[Data excerpts — start]
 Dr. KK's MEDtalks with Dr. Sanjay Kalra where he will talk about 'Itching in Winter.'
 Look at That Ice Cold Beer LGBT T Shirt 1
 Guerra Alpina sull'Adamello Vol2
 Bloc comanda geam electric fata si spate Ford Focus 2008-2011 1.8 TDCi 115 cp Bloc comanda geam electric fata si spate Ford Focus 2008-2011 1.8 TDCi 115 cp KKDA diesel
[Data excerpts — finish]
[Data excerpts — start]
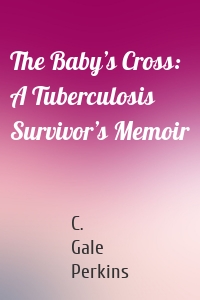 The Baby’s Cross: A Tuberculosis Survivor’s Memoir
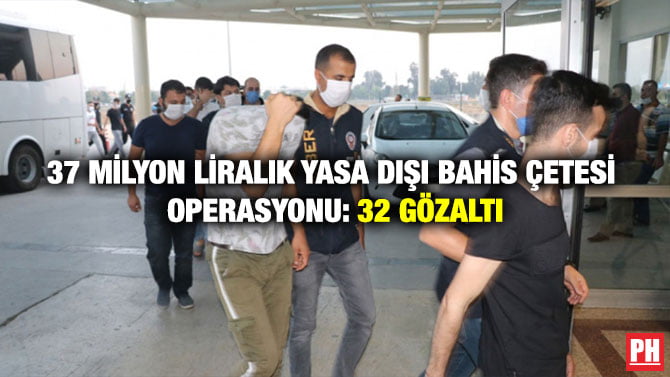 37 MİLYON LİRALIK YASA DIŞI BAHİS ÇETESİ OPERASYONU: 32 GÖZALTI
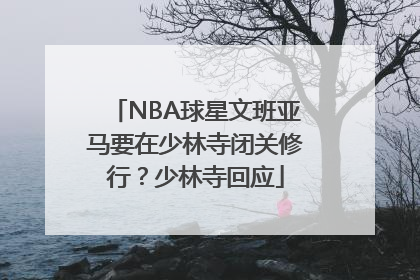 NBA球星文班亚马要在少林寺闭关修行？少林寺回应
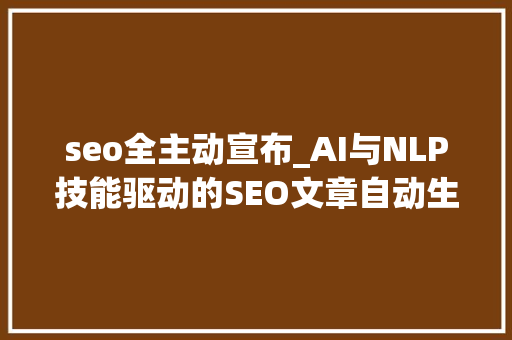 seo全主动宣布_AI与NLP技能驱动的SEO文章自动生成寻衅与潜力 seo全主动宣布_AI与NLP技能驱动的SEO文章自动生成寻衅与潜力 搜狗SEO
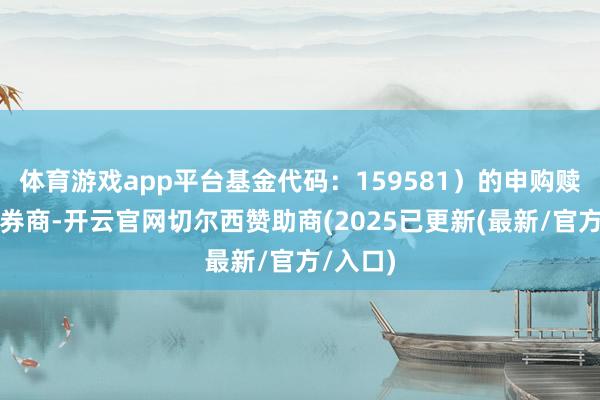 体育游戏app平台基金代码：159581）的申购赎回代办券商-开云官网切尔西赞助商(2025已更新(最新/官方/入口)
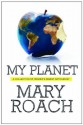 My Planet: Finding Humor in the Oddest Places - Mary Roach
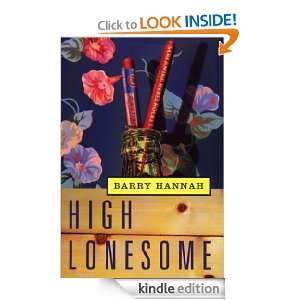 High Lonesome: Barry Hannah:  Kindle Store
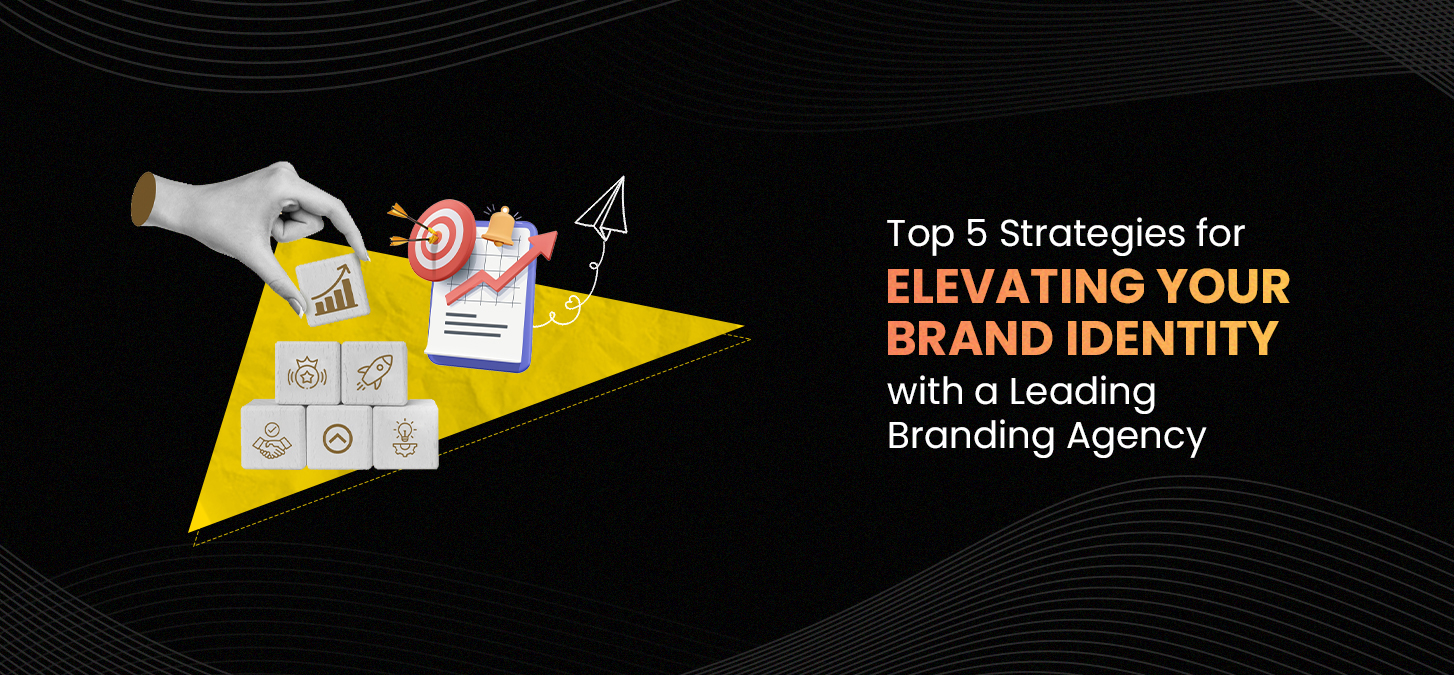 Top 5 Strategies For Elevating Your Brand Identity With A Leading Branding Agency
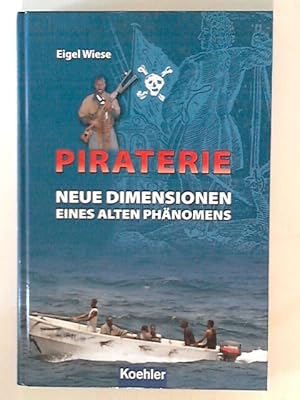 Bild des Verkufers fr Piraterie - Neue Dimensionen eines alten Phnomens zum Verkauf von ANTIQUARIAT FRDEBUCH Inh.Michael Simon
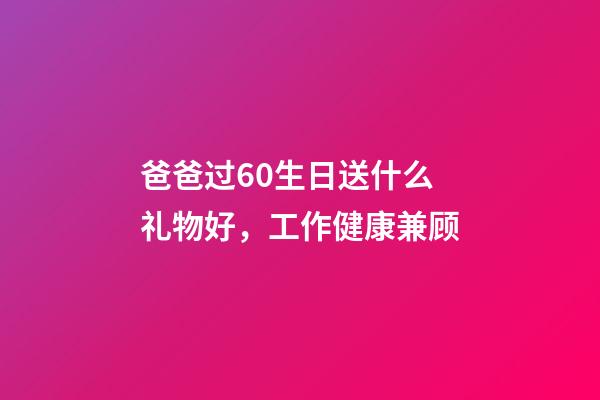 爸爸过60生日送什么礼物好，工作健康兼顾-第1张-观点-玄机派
[Data excerpts — finish]
* Exercise aim: From the listing above, please give again the lines that begin with the line holding "Bild des Verkufers" and go on through the line holding "爸爸过60生日送什么礼物好，工作健康兼顾-第1张-观点-玄机派", exactly, both ends included, minus any picture.

* Exercise solution:
 Bild des Verkufers fr Piraterie - Neue Dimensionen eines alten Phnomens zum Verkauf von ANTIQUARIAT FRDEBUCH Inh.Michael Simon
 爸爸过60生日送什么礼物好，工作健康兼顾-第1张-观点-玄机派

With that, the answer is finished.